Post by WanderingLands »

Gee wrote: What is thinking? Not thought, but thinking. When we think, what we do is process thought. We compare, deduce, and calculate the thoughts that we now possess in order to create new thoughts. So how could a "God" have new thoughts if he already knows everything? At best, it would be redundant, but is logically not real or possible.
The only God and the Universe can be alive is if it self-generates itself in thought (in a metaphysical/metaphorical sense). That's why infinitesimal forms of life, of all kinds, are able to exist - it's so that this universe, and God, can forever be sustained and stabled.
Gee wrote: You are anthropomorphising "God". You assume that because we think, "God" and the universe thinks. There is no evidence of this. And the human mind is not "limitless", it is in fact quite limited.

I had a neurologist explain this limiting concept to me. He explained that when we are babies, we learn to get out of bed, so we must learn to judge distances, judge our balance, move our bodies, etc. There is a lot to learn in accomplishing this very simple task. But we do not think about this every morning when we get out of bed. It becomes automatic.

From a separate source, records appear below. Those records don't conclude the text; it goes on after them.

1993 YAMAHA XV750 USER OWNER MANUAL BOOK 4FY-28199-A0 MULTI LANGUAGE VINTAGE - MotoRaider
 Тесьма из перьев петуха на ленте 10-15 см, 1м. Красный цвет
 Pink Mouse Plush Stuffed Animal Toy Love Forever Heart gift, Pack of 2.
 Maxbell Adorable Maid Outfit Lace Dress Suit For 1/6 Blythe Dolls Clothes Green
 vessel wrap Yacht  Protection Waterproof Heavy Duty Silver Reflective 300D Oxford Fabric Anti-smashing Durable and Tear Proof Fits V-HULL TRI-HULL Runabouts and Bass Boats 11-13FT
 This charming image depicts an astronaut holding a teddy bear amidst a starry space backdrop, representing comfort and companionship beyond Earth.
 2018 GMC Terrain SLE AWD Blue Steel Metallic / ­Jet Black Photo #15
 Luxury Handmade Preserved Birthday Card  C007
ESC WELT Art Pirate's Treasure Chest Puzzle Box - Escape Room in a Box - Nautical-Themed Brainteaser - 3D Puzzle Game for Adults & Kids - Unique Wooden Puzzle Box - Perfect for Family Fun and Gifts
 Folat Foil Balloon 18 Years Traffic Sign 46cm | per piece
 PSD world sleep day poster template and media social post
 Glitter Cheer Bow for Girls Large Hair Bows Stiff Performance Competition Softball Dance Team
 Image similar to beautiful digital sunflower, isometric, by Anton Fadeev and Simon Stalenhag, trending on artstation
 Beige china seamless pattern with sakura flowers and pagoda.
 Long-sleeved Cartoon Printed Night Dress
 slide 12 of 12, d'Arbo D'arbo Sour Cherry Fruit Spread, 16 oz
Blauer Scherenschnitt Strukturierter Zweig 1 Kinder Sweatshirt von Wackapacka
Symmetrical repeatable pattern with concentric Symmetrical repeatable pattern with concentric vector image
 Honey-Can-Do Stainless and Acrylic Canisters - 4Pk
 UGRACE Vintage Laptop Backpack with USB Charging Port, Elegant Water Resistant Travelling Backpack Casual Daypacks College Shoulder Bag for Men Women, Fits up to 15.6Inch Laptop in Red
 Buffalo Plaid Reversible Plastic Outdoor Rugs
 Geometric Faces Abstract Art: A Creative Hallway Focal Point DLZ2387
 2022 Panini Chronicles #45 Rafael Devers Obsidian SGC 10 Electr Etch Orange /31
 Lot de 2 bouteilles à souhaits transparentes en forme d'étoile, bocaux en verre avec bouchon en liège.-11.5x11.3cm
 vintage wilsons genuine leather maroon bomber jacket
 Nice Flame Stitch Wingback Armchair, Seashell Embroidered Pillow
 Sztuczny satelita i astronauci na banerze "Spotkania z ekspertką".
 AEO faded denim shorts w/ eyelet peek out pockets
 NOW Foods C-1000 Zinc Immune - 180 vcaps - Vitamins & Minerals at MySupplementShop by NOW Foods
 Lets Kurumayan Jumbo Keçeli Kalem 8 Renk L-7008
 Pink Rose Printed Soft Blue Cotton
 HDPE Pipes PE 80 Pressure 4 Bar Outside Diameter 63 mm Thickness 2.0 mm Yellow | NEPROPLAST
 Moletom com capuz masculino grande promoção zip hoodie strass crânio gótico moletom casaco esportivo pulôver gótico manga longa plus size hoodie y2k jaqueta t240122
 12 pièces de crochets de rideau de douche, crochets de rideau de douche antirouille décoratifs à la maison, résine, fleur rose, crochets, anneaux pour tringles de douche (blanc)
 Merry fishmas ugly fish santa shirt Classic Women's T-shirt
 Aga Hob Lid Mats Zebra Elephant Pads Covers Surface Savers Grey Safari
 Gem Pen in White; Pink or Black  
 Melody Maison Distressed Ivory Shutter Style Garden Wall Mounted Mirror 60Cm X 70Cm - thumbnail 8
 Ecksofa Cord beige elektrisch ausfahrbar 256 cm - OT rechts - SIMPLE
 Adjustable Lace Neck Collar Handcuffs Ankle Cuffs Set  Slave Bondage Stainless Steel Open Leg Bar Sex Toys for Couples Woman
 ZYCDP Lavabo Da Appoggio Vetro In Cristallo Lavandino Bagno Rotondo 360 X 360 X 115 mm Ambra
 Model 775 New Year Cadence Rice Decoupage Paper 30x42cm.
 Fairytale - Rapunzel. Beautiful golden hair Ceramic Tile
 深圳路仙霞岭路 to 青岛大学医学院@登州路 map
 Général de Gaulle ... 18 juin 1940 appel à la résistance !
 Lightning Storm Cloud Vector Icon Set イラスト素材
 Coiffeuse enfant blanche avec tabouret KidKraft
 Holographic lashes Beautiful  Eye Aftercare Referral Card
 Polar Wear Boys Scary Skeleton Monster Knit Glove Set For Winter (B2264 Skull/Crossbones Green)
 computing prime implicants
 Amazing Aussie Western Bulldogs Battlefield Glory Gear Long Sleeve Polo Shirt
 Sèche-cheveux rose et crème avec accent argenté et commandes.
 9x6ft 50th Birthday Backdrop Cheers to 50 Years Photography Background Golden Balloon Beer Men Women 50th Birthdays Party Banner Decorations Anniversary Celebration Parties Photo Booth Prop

If you consider how many simple tasks we accomplish in our day to day lives, then consider that our brains hold knowledge of our bodily functions that we are not even aware of, and our memories, it is easy to understand that there is a great deal of knowledge floating around in each of us. But if we were aware of all of this knowledge all of the time, we would go mad. It would be too much. We would not be able to think. So most of our knowledge is dumped into the sub/unconscious aspect of mind where it sits until we need it or forget it.

Our conscious minds must be kept clean and orderly or we can not think, because they are indeed limited like RAM in a computer. Our minds are not limited by boundaries, they are limited by focus.


The mind actually is unlimited, and is a lot more complex than what is beyond our perceptions. Evidence of this are some deeper explorations into human consciousness, which documents cases of humans experiencing things outside of this physical reality. Examples include explorations into Astral Projection, Lucid Dreaming, Meditation, etc., and are talked about in Noetics and the psychology of Carl Jung, who talks about the "Collective Unconscious".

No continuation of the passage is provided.